● **Goal of the exercise**
Output only the lines below from the one containing "Camiseta Básica Stray Kids Ate Collage" to the one containing "ok.soon×dickies wide chino", exactly as written, both ends kept.

───── Extracted material

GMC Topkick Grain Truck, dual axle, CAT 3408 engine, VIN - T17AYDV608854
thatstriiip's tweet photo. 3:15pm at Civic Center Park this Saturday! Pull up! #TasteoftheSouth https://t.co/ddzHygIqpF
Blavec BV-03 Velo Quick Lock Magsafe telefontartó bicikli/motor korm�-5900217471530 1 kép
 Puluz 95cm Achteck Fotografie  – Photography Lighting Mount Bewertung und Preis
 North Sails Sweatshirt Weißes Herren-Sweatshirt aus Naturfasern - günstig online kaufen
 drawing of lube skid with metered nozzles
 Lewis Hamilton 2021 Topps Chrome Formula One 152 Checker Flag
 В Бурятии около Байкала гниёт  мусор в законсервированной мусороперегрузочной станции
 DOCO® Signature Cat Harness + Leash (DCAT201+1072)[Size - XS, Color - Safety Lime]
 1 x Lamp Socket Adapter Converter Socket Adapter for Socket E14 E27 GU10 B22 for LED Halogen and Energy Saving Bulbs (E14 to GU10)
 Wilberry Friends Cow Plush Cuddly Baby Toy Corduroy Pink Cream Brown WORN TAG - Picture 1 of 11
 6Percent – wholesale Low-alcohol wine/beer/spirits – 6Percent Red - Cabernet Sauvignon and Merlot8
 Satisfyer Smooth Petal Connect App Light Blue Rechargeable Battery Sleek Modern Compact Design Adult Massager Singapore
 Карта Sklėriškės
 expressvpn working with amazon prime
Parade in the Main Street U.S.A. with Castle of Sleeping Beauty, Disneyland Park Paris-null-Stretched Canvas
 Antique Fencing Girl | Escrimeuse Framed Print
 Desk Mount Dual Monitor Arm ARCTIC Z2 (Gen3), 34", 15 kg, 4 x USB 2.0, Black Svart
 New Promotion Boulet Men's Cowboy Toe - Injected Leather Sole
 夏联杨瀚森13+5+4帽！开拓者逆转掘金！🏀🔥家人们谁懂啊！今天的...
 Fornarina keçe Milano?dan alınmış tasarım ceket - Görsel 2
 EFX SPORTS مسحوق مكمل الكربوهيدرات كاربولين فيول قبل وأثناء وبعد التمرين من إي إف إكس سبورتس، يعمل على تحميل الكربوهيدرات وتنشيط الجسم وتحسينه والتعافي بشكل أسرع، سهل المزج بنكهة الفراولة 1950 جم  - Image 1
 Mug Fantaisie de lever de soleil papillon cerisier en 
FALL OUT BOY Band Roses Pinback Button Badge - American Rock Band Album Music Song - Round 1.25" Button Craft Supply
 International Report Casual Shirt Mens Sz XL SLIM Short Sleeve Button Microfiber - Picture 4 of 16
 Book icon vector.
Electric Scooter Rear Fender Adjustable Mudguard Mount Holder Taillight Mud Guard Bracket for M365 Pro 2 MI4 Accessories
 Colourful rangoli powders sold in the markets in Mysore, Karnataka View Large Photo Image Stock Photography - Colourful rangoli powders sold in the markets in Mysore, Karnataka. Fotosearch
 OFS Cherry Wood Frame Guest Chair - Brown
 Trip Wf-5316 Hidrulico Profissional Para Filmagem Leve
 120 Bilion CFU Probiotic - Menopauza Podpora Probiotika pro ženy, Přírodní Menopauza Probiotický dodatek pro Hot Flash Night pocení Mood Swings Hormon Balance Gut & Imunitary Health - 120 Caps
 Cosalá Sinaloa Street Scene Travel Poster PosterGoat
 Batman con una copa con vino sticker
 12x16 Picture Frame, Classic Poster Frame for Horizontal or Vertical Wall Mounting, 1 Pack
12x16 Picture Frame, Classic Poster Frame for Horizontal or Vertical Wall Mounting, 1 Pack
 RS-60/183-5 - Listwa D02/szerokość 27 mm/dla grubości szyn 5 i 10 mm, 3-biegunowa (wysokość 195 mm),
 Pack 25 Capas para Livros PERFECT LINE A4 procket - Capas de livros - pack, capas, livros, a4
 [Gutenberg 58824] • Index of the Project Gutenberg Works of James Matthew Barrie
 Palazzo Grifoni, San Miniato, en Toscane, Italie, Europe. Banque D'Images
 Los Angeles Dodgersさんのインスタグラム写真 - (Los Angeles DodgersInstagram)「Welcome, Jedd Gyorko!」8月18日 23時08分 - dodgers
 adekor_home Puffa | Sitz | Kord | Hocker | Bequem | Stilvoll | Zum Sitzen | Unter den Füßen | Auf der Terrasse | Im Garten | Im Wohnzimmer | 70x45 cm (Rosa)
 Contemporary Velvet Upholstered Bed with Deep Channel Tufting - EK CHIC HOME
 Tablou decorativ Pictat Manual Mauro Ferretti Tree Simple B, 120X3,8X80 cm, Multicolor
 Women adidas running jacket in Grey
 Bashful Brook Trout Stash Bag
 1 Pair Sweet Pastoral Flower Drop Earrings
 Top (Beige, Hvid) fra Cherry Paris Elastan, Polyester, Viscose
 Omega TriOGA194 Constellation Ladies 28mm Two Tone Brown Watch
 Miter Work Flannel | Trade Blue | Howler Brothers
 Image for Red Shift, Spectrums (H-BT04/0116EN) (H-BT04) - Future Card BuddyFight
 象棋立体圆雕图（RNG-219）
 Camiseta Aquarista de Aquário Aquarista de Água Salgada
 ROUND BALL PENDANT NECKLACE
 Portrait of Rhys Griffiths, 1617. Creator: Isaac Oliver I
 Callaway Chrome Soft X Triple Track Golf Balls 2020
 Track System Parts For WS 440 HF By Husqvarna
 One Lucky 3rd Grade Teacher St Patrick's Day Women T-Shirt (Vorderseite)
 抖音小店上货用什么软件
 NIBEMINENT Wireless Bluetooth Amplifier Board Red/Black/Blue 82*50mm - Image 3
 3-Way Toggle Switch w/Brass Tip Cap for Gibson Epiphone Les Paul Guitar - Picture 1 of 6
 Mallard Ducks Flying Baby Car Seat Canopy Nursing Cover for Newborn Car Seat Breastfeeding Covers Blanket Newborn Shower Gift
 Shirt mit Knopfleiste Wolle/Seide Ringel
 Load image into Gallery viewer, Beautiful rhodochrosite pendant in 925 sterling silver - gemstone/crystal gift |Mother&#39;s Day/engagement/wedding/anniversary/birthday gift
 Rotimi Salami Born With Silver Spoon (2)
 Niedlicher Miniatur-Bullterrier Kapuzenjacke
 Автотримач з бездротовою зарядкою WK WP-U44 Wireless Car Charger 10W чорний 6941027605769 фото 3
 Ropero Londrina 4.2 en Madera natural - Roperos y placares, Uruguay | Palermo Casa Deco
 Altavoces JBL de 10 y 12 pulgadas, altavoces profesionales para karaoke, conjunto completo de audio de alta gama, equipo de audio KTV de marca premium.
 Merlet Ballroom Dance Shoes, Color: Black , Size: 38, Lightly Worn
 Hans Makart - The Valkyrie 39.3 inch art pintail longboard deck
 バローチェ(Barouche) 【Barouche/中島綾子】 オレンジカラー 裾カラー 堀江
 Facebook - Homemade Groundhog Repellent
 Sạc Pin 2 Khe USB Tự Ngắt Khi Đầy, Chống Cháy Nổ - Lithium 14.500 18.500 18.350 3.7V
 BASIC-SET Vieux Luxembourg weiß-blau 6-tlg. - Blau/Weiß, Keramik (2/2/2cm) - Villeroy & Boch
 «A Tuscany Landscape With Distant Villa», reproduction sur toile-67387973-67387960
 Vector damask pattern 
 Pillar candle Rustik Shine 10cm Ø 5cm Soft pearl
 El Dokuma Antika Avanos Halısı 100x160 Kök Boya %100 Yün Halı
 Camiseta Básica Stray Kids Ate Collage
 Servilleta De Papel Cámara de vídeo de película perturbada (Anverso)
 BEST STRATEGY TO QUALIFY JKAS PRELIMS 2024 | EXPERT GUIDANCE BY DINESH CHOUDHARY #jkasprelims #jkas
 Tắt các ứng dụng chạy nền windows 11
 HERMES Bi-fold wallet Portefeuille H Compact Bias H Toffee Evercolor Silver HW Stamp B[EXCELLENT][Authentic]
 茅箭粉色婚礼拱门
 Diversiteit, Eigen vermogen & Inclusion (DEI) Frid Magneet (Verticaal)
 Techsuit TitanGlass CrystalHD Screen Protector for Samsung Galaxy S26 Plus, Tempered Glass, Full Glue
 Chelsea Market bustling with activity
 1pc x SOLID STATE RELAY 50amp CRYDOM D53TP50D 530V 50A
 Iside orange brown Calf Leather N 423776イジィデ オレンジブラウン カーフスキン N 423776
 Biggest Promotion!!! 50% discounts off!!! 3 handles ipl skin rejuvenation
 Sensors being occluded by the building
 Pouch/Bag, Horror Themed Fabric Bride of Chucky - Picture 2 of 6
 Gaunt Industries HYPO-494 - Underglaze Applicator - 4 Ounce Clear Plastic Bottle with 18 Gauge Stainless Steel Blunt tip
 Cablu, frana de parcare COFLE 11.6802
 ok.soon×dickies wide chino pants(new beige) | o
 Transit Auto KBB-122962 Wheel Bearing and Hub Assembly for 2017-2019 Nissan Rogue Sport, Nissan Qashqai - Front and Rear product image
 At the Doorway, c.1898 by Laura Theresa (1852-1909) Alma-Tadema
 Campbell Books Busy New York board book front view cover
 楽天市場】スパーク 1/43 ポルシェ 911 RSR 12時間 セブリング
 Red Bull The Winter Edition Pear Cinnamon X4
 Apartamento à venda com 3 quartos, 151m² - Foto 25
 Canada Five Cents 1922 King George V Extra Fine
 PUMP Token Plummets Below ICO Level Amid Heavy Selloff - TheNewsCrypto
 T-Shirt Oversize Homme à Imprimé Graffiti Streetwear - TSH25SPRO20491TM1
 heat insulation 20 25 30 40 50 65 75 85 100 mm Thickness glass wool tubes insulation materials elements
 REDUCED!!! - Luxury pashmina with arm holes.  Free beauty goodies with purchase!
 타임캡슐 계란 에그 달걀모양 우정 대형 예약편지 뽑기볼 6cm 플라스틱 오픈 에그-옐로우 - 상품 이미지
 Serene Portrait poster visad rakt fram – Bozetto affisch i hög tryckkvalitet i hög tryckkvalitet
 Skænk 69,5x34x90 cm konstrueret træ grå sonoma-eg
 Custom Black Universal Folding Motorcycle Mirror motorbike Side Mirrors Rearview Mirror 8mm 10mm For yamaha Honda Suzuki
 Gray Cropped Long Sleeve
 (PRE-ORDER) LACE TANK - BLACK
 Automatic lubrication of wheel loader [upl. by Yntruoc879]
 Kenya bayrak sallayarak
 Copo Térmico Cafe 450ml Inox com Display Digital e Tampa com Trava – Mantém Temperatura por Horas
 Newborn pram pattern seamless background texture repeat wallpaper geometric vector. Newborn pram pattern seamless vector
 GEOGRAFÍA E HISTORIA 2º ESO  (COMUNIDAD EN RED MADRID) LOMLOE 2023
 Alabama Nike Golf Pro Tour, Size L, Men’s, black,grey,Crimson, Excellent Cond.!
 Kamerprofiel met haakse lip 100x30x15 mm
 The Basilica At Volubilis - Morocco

──────────

● **Result for this task**
 Camiseta Básica Stray Kids Ate Collage
 Servilleta De Papel Cámara de vídeo de película perturbada (Anverso)
 BEST STRATEGY TO QUALIFY JKAS PRELIMS 2024 | EXPERT GUIDANCE BY DINESH CHOUDHARY #jkasprelims #jkas
 Tắt các ứng dụng chạy nền windows 11
 HERMES Bi-fold wallet Portefeuille H Compact Bias H Toffee Evercolor Silver HW Stamp B[EXCELLENT][Authentic]
 茅箭粉色婚礼拱门
 Diversiteit, Eigen vermogen & Inclusion (DEI) Frid Magneet (Verticaal)
 Techsuit TitanGlass CrystalHD Screen Protector for Samsung Galaxy S26 Plus, Tempered Glass, Full Glue
 Chelsea Market bustling with activity
 1pc x SOLID STATE RELAY 50amp CRYDOM D53TP50D 530V 50A
 Iside orange brown Calf Leather N 423776イジィデ オレンジブラウン カーフスキン N 423776
 Biggest Promotion!!! 50% discounts off!!! 3 handles ipl skin rejuvenation
 Sensors being occluded by the building
 Pouch/Bag, Horror Themed Fabric Bride of Chucky - Picture 2 of 6
 Gaunt Industries HYPO-494 - Underglaze Applicator - 4 Ounce Clear Plastic Bottle with 18 Gauge Stainless Steel Blunt tip
 Cablu, frana de parcare COFLE 11.6802
 ok.soon×dickies wide chino pants(new beige) | o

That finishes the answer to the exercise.